Ingatkan Pencegahan, Jokowi: RI Ranking Tertinggi Negara Paling Rawan Bencana

Marlinda Oktavia Erwanti - detikNews
Rabu, 03 Mar 2021 15:16 WIB
Presiden Jokowi dalam Rapat Koordinasi Nasional Penanggulangan Bencana Tahun 2021 (Foto: Tangkapan layar YouTube Setpres)
Presiden Jokowi dalam Rapat Koordinasi Nasional Penanggulangan Bencana Tahun 2021 (Foto: Tangkapan layar YouTube Setpres)
Jakarta -

Presiden Joko Widodo (Jokowi) mengingatkan bahwa Indonesia merupakan negara yang rawan bencana. Indonesia, kata dia, masuk 35 negara paling rawan bencana di dunia.

"Saya ingin mengingatkan kita semua bahwa negara kita Indonesia adalah negara yang rawan terhadap bencana. Masuk 35 paling rawan risiko bencana di dunia dan tadi Pak Doni Monardo, Kepala BNPB, telah menyampaikan setahun kemarin saja kita menghadapi 3.253 bencana. Per hari berarti kurang-lebih sembilan bencana," kata Jokowi dalam Rapat Koordinasi Nasional Penanggulangan Bencana Tahun 2021 yang disiarkan kanal YouTube Sekretariat Presiden, Rabu (3/3/2021).

"Bukan sebuah angka yang kecil, tapi cobaan ujian dan tantangan itu yang harus kita hadapi. Baik bencana hidrometeorologi maupun bencana geologi. Kita sekali lagi menduduki ranking tertinggi negara paling rawan bencana karena jumlah penduduk kita juga besar. Sehingga risiko jumlah korban yang terjadi apabila ada bencana juga sangat besar," sambung dia.

Menurut Jokowi, untuk mengurangi risiko bencana yang ada, pencegahan dan mitigasilah kunci utama. Namun, hal itu bukan berarti mengabaikan manajemen bencana.

"Saya melihat kunci utama dalam mengurangi risiko adalah terletak pada aspek pencegahan dan mitigasi bencana yang selalu saya sampaikan berulang-ulang pencegahan, pencegahan, jangan terlambat jangan terlambat. Ini bukan berarti aspek yang lain dalam manajemen bencana tidak kita perhatikan, bukan, bukan itu. Tapi juga jangan sampai kita hanya bersifat reaktif saat bencana terjadi," tutur Jokowi.

Karena itu, Jokowi pun meminta kebijakan yang dikeluarkan pemerintah harus sensitif bencana. Kebijakan tersebut, kata dia, harus dipersiapkan secara matang dan detail.

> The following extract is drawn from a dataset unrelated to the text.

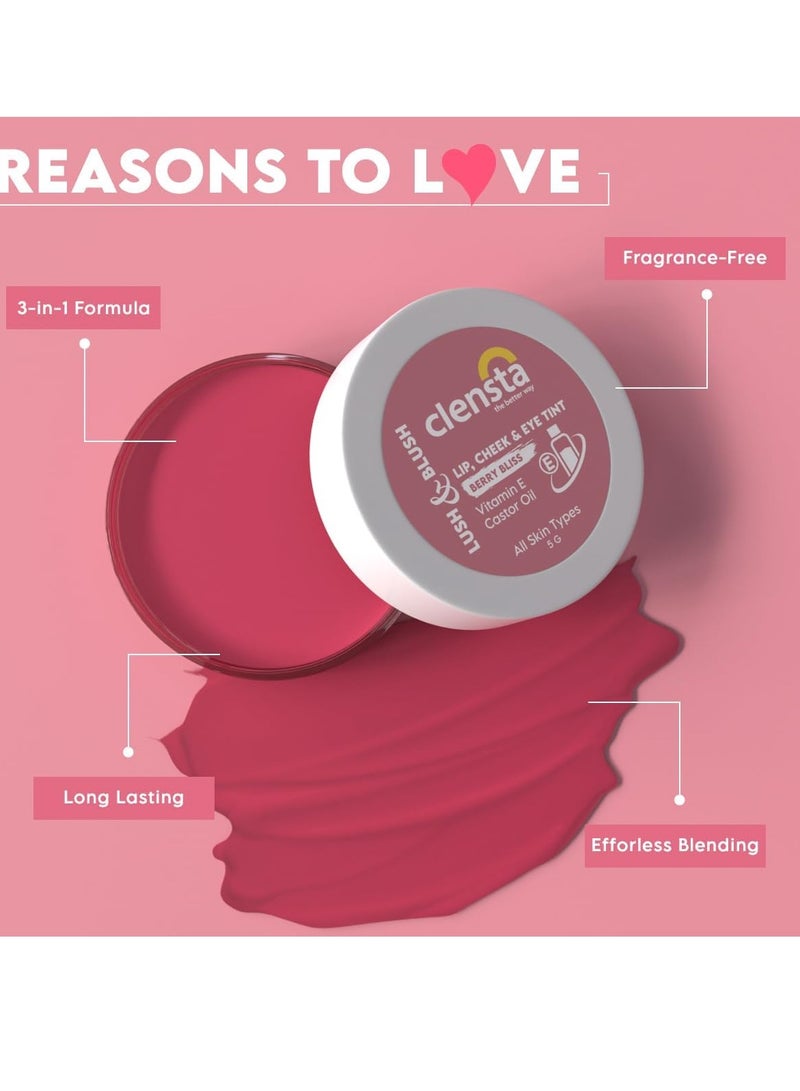 Clensta Lip Cheek Tint Pink Forever with Goodness of Vitamin E Castor Oil 5G - Image 3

"Kita harus mempersiapkan diri dengan antisipasi yang betul-betul terencana dengan baik. Detail. Karena itu kebijakan nasional dan kebijakan daerah harus sensitif terhadap kerawanan bencana. Jangan ada bencana baru kita pontang-panting, ribut, atau bahkan saling menyalahkan seperti itu tidak boleh terjadi," kata dia.

Lebih lanjut, Jokowi mengingatkan, saat ini sudah ada rencana induk penanggulangan bencana 2020-2024 melalui Perpres 87 Tahun 2020. Dia meminta grand design dalam rencana tersebut direalisasi dalam kebijakan-kebijakan.

"Grand design itu harus bisa diturunkan dalam kebijakan-kebijakan, dalam perencanaan-perencanaan, termasuk tata ruang yang sensitif dan memperhatikan aspek kerawanan bencana serta tentu saja dilanjutkan dengan audit dan pengendalian kebijakan dan tata ruang yang berjalan di lapangan, bukan di atas kertas saja. Ini yang juga sudah berulang-ulang saya sampaikan," papar Jokowi.